Il y est aussi affirmer que « les peuples autochtones participeront davantage à l’examen et à la surveillance des grands projets d’exploitation des ressources ».

Fort bien ! Mais pas de « relation de nation à nation » avec le Québec! Rien de tel! Le Québec est toujours considéré par les Libéraux comme une province comme les autres!

Il faut rappeler que Justin Trudeau s’était opposé fermement à la motion de Stephen Harper selon laquelle « les Québécois forment une nation dans un Canada uni », même si son parti l’avait appuyée à la Chambre des communes.
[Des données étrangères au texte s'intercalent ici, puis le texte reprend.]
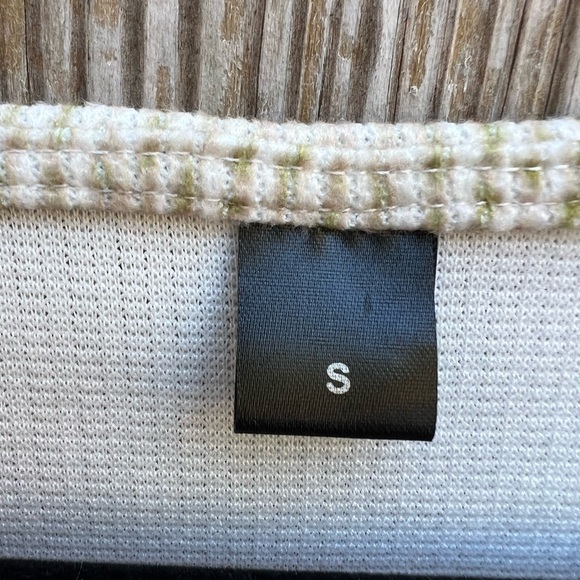 DRAGONFLY Long-Sleeve Gold Tan Shirt Top Women’s Small - Picture 4 of 7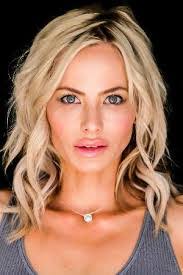 Julie Briggs's Instagram, Twitter & Facebook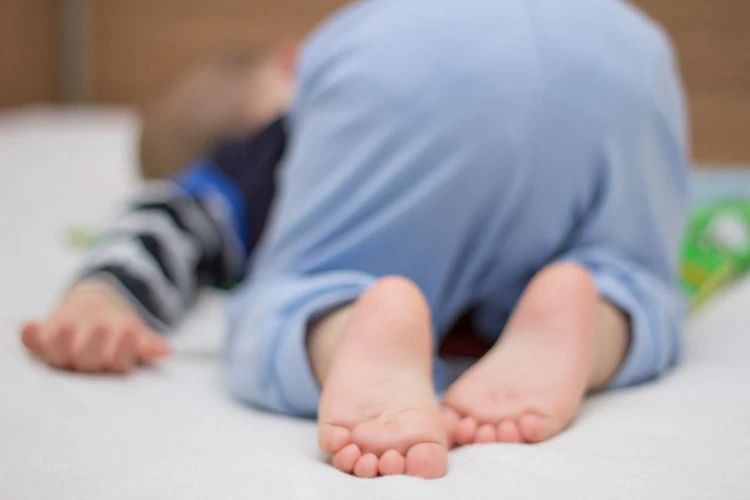 Pentingkah Bayi Tidur Tengkurap?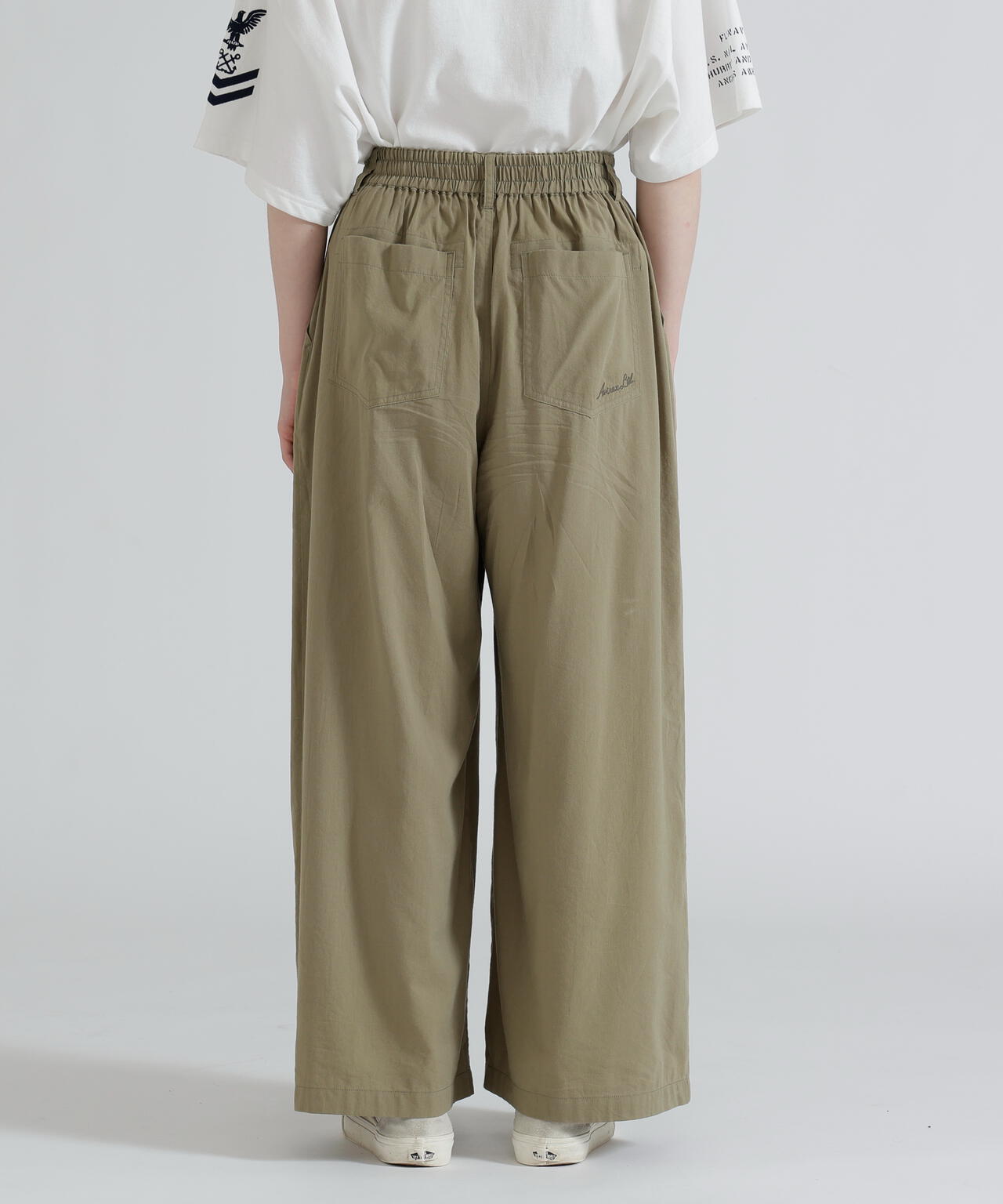 DESIGN BELT TUCK DETAIL PANTS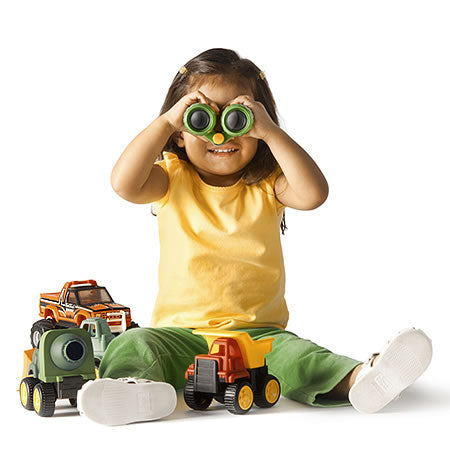 Criança brincando com brinquedos de carrinhos e binóculos jogos e brinquedos entrega rápida Portugal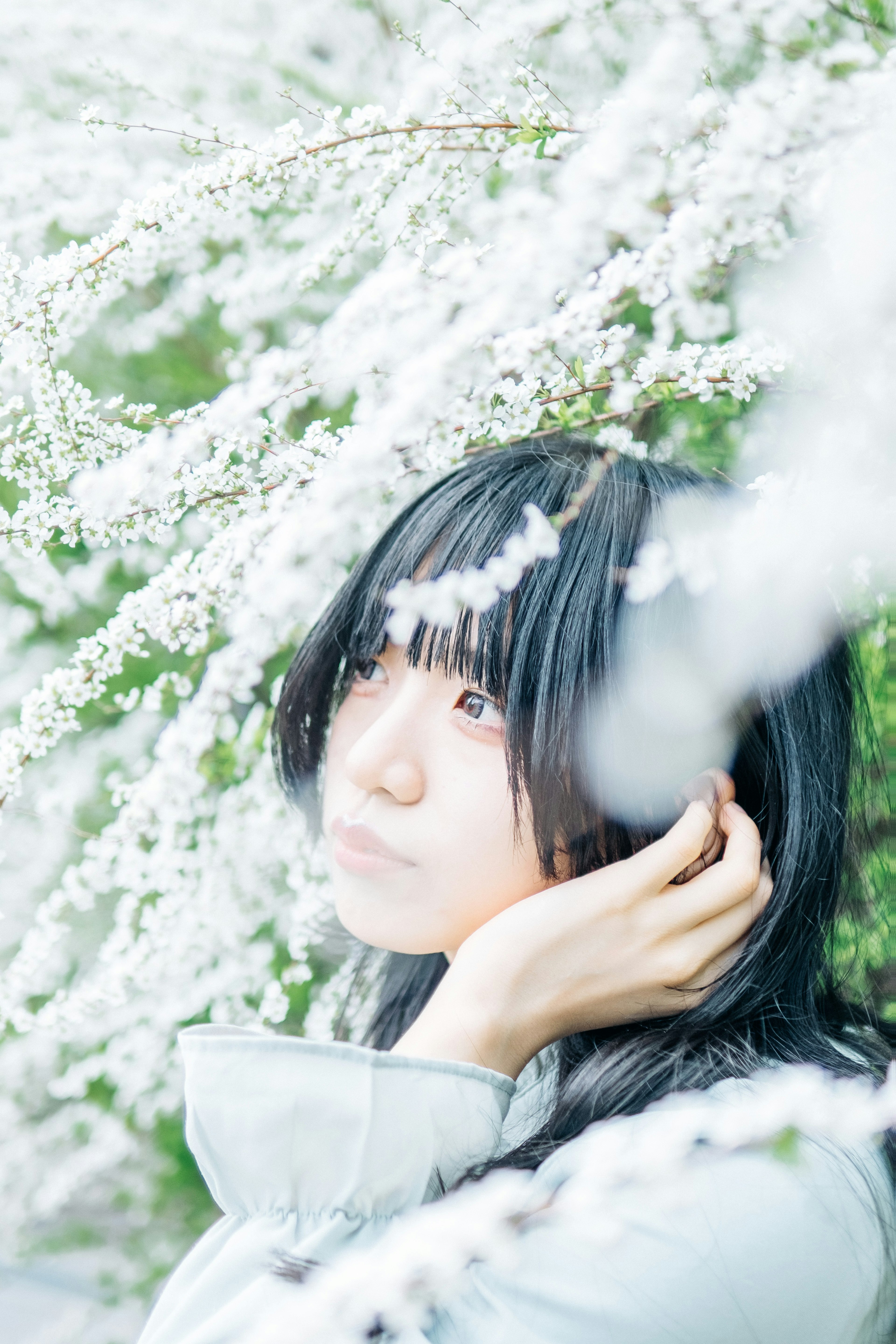 Portrait d'une femme entourée de fleurs blanches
Selon lui, la nation québécoise était « une idée du XIXe siècle ». Il déclarait, le 15 décembre 2007, dans une entrevue au journal Nouvelles Parc-Extension : « Toute cette idée d’un statut spécial pour le Québec ou de la reconnaissance du Québec comme société distincte dans la Constitution ou de la reconnaissance des Québécois comme une nation, le problème que j’ai avec cela, c’est que cela crée des divisions, que cela sépare des groupes au sein d’autres groupes. Qui sont les Québécois pour être reconnus comme une nation? »(1)

 

L’héritage libéral

Ce rabaissement du Québec au rang de province comme les autres est lourd de conséquences. Contrairement au gouvernement Harper, dont l’idéologie était un rétrécissement du rôle de l’État fédéral et le respect des juridictions provinciales, le Parti libéral a une longue tradition d’interventionnisme dans les champs de compétence des provinces.

Déjà, dans le Discours du Trône, il annonce qu’il interviendra pour « rendre l’éducation postsecondaire plus abordable », même si l’éducation est de compétence exclusivement provinciale.

En vertu de son pouvoir de dépenser, le gouvernement ne se gênera pas, dans le domaine de l’environnement ou dans le cadre de « ses nouveaux investissements majeurs dans le transport en commun, les infrastructures vertes et les infrastructures sociales » pour imposer ses priorités au Québec.

 

D’autres oublis

Pas un mot non plus dans le Discours du Trône sur la loi anti-terroriste C-51 qui, rappelons-le, permet de ranger dans la définition de « terroristes » les environnementalistes, les syndicalistes et les indépendantistes.

À noter, enfin, que le Discours du Trône est aussi muet sur le Partenariat Trans-Pacifique. Nulle mention n’est faite des mesures compensatoires pour les agriculteurs du Québec promises par le gouvernement Harper.

Et n’aller surtout pas croire que Trudeau va remettre en question le traité. De toute évidence, Washington lui a arraché l’engagement de signer le traité en échange de l’autorisation par la Maison Blanche de retirer les F-18 de la Syrie, comme en témoignait la déclaration rapide de Barack Obama (« Le Canada va signer le Partenariat Trans-Pacifique ») au sortir de sa rencontre avec Justin Trudeau.

  1. Huguette Young, Justin Trudeau, l’héritier (VLB éditeur).